Investment products: Portfolio construction and investment decision making.

Product-level information with examples of ESG application to portfolio holdings should be assessed. Typically, this is an area where true understanding can only be gained from well-executed dialogue.

Investment managers must ensure that investment processes incorporate ESG analysis, and that such insight is presented to investment decision-makers (and that those decision-makers are able and empowered to act accordingly).

Pension funds should verify that final decision-makers use available ESG material and organisational insight in their investment decisions and also explain what impacts this is expected to have. They should also ask prospective managers to support any claims with evidence and real examples.

For example, if a product needs to be managed with the objective to remain within a +2 degrees scenario, an investment manager would need to demonstrate how this is being adhered to. In cases where ESG incorporation requires a higher degree of judgement by the investment manager, measuring compliance against an asset owner’s ambitions and objectives is more complex.

Pension funds must understand if there are tangible metrics to evaluate ESG compliance, and work on creating them if they do not exist. This is a complex process for which a descriptive approach would be inappropriate. Elaborating on the process and using measures of judgement and best practices would be a more effective approach.

Finally, in portfolio construction, parameters like tracking error are important as they directly influence choice of investments, but may not be critical.

Please see Common Questions: How  well established is the link between ESG and investment performance. for further detail.

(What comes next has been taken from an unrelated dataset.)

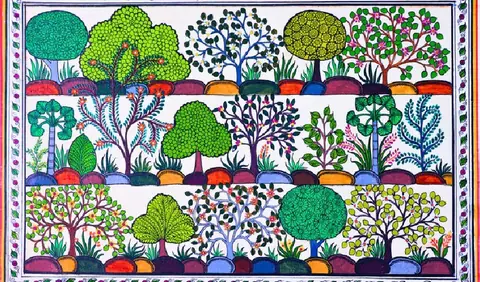 The Orchard Rows Pattachitra Landscape Painting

Questions related to screening and normative products: 

  • Do you have an ESG exclusion or inclusion list, and what governs these exclusions?
  • Do you remove companies from the portfolio for non-compliance with the ESG policy?
  • Do you blacklist countries and issuers, and which issues do these relate to (e.g. corruption, corporate governance, etc.)?
  • Please describe how you merge financial and ESG criteria during investment analysis.
  • How often do you review the ESG risk exposure of the portfolio and how often have you changed the investable universe based on those findings?
  • Please give five examples of how ESG issues have influenced investment decision making.
  • How do you foresee ESG issues influencing investment decisions?
  • What challenges do you anticipate in your ESG integration approach?
  • How do you interpret our ESG or responsible investment objectives, and how would you execute investments that are aligned with our beneficiary demands?
  • What ESG data, research, resources, tools and practices will be used to incorporate ESG factors into the investment processes, valuations and other investment decisions you make for this product? What are the main ESG factors affecting the portfolio and why is this the case?
  • How will you ensure that all material ESG data available at the firm-level will be used to benefit this product?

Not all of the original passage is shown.